Please copy exactly the lines from the one containing "Merax lit mezzanine" to the end of the entries, both included, and nothing else. Omit every picture.

-- INFORMATION GIVEN follows --

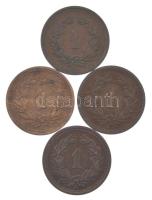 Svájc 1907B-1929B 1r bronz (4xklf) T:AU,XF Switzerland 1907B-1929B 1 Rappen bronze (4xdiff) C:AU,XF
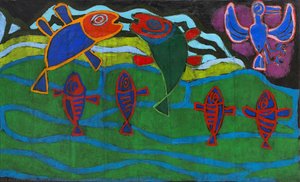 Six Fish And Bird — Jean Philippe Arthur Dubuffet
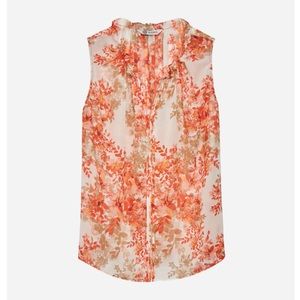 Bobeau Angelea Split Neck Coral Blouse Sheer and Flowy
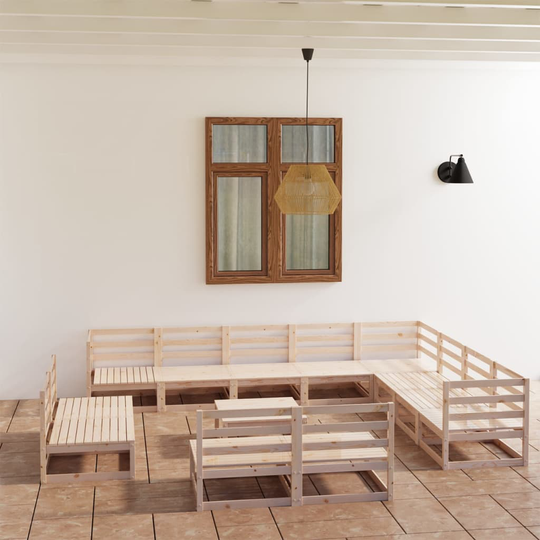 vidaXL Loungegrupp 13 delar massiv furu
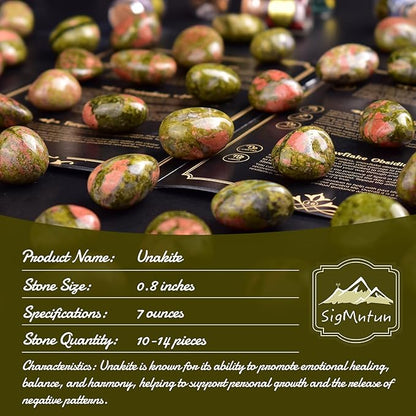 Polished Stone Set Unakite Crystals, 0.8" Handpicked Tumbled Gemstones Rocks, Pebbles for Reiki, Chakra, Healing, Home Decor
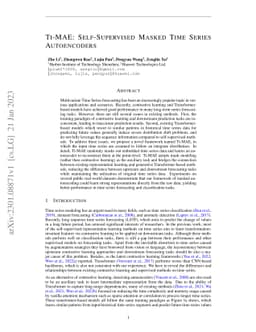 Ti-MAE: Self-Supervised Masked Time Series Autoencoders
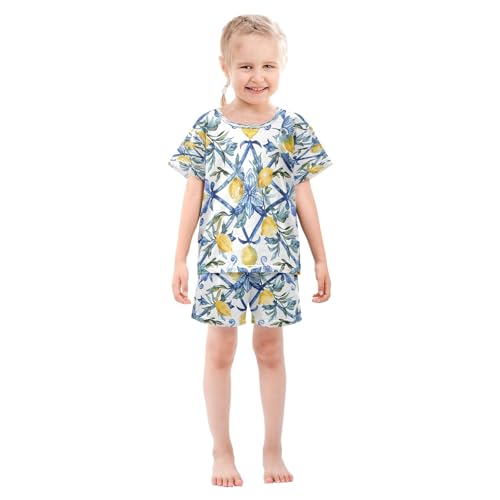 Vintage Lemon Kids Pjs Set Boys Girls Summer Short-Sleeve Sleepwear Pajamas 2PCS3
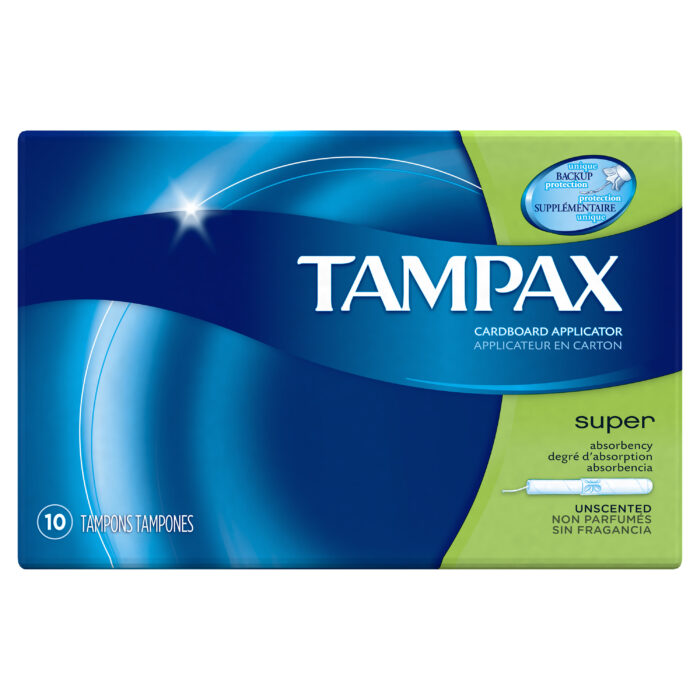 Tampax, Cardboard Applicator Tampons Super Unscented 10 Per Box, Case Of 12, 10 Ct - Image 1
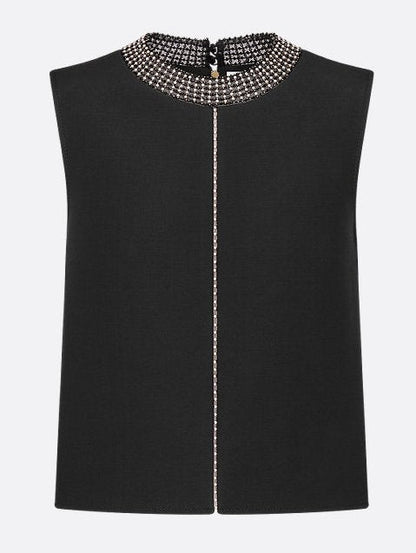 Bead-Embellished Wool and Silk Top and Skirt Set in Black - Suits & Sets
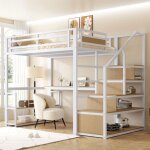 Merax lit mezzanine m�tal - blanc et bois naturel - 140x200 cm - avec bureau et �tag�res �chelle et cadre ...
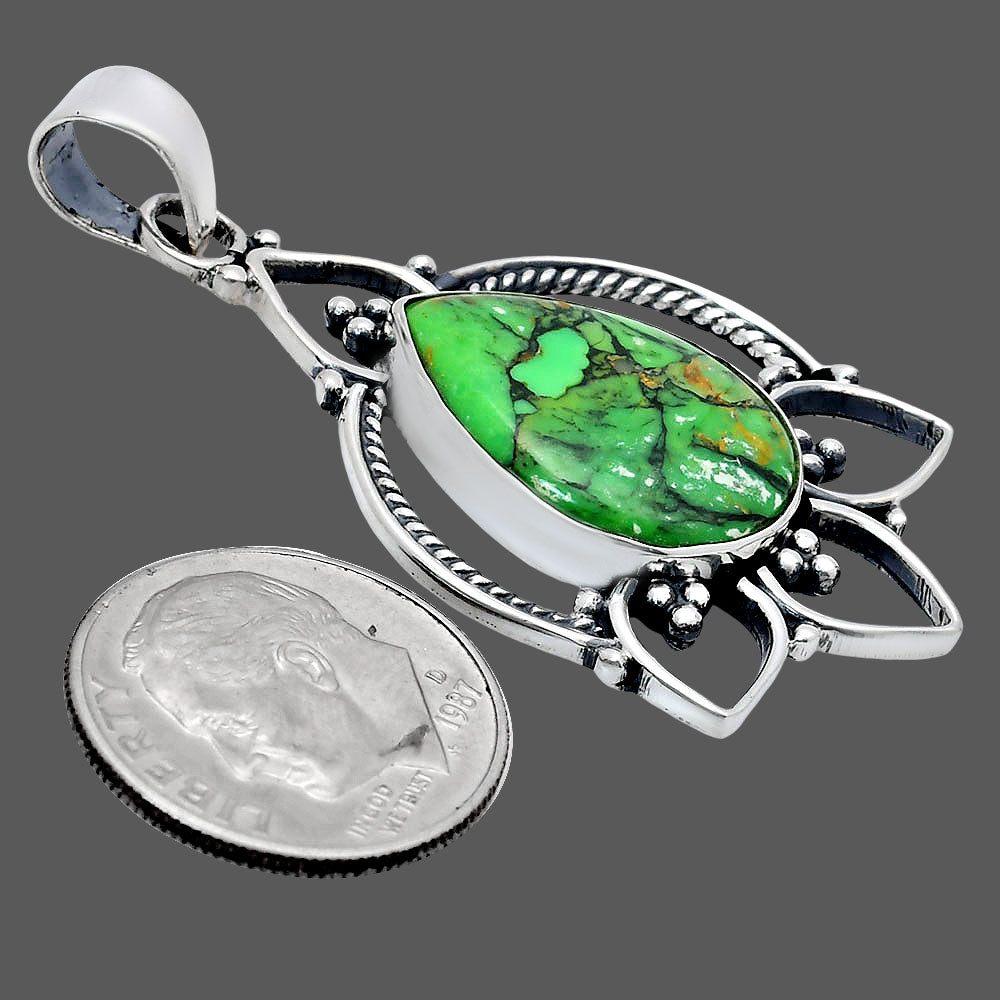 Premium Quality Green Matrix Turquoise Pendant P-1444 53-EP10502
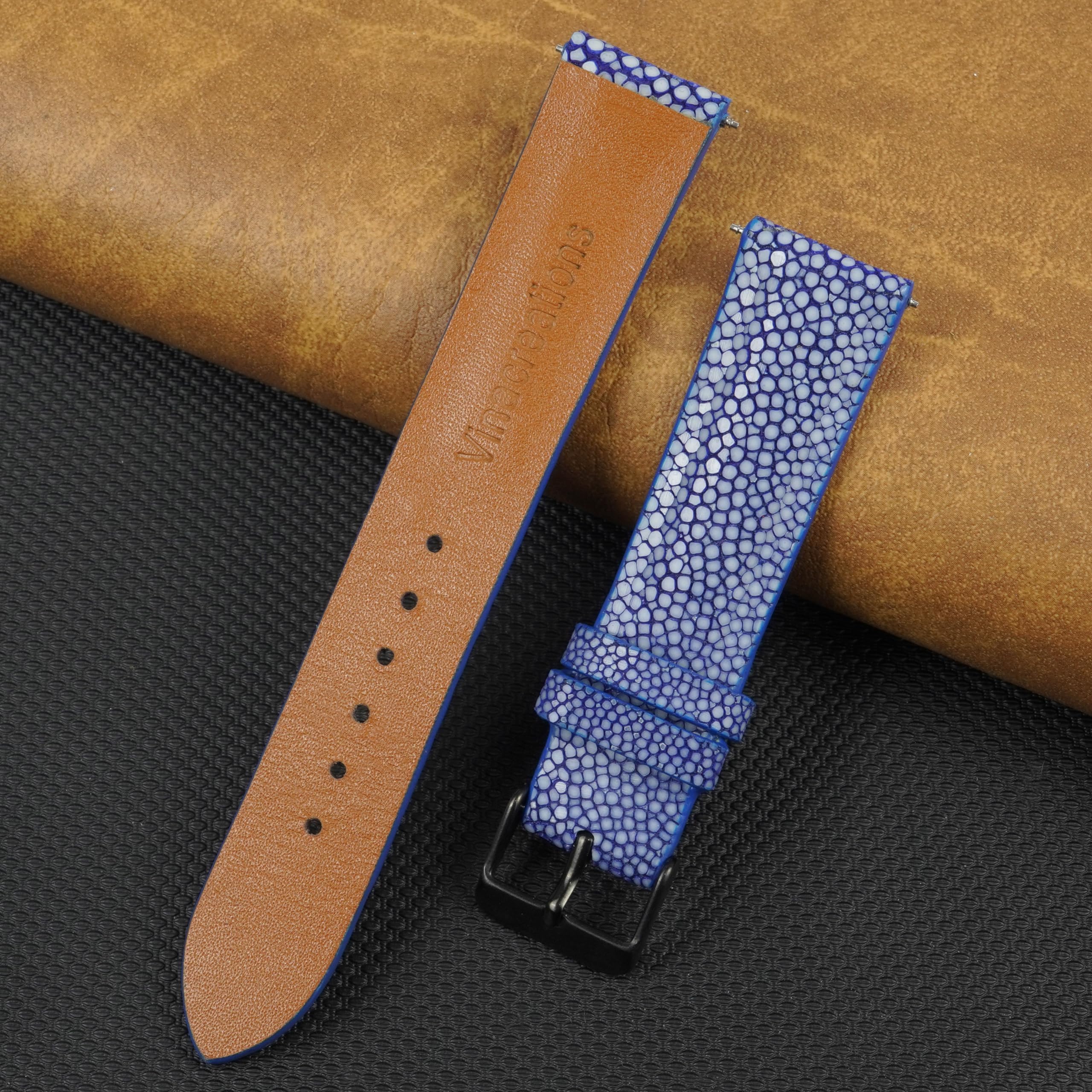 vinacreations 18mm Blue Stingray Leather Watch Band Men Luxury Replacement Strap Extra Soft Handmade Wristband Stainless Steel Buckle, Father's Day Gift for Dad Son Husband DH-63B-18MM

-- INFORMATION GIVEN concluded --

◆ TASK OUTPUT
 Merax lit mezzanine m�tal - blanc et bois naturel - 140x200 cm - avec bureau et �tag�res �chelle et cadre ...
 Premium Quality Green Matrix Turquoise Pendant P-1444 53-EP10502
 vinacreations 18mm Blue Stingray Leather Watch Band Men Luxury Replacement Strap Extra Soft Handmade Wristband Stainless Steel Buckle, Father's Day Gift for Dad Son Husband DH-63B-18MM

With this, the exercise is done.